■ Supplied material ■
= Beginning of Section =

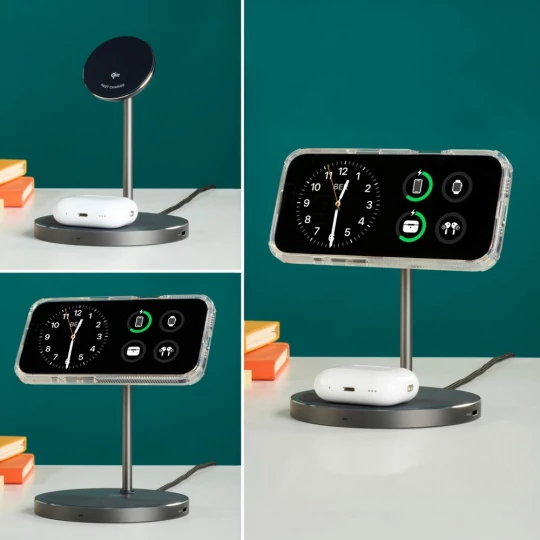 Magnetic wireless charger 2 in 1 15W Hama (VH066-03)-1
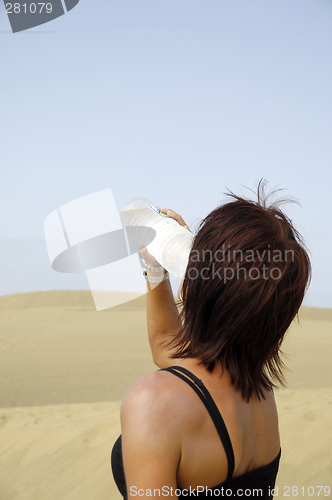 Image of Woman drinking water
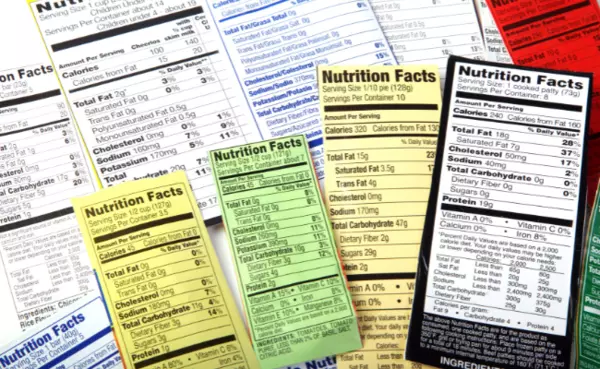 food label nutrition facts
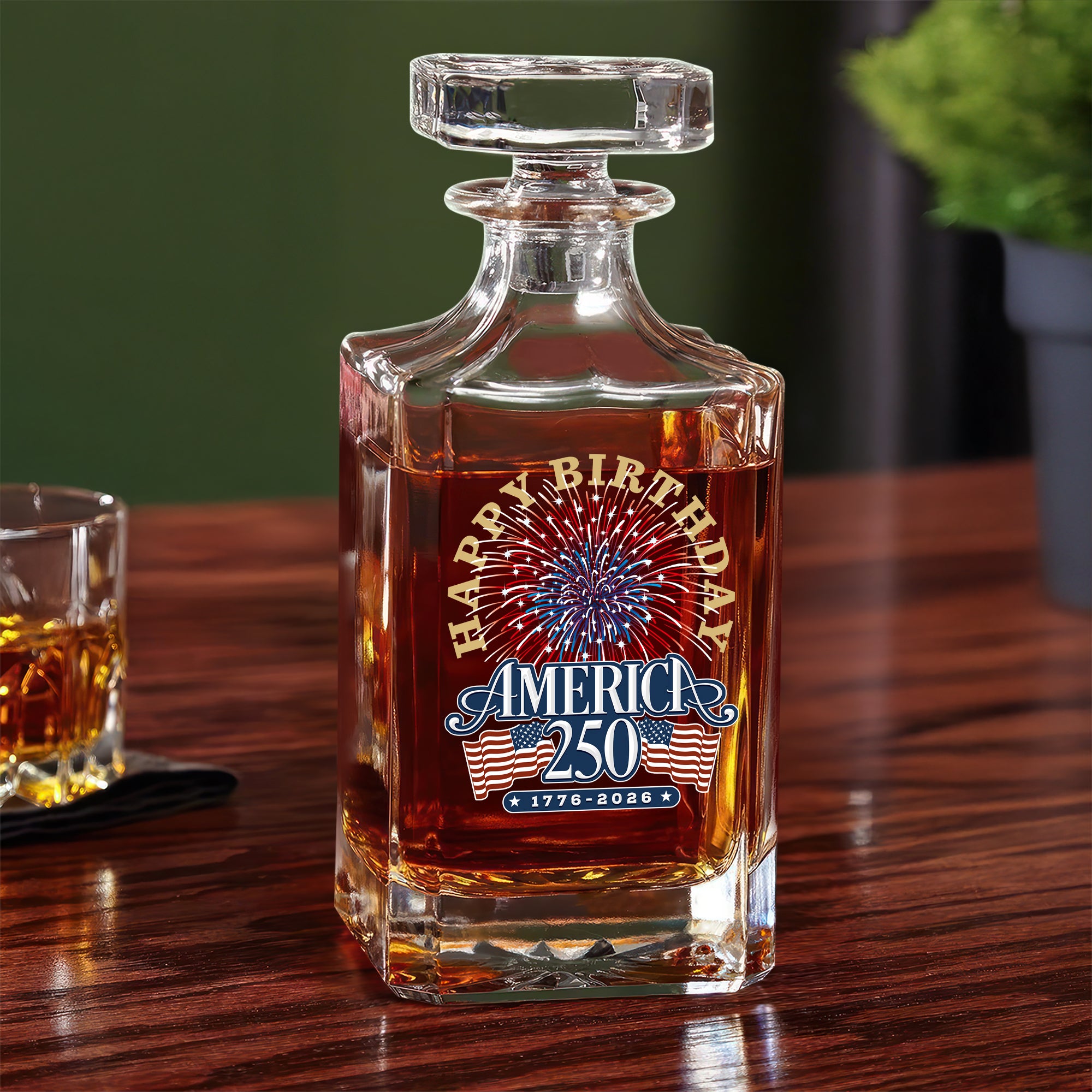 America 250 Semiquincentennial Fireworks Celebration Decanter HO82 894616 - Image 3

= End of Section =

■ Problem ■
Produce a word-for-word version of the material, with no pictures included.

■ Worked solution ■
 Magnetic wireless charger 2 in 1 15W Hama (VH066-03)-1
 Image of Woman drinking water
 food label nutrition facts
 America 250 Semiquincentennial Fireworks Celebration Decanter HO82 894616 - Image 3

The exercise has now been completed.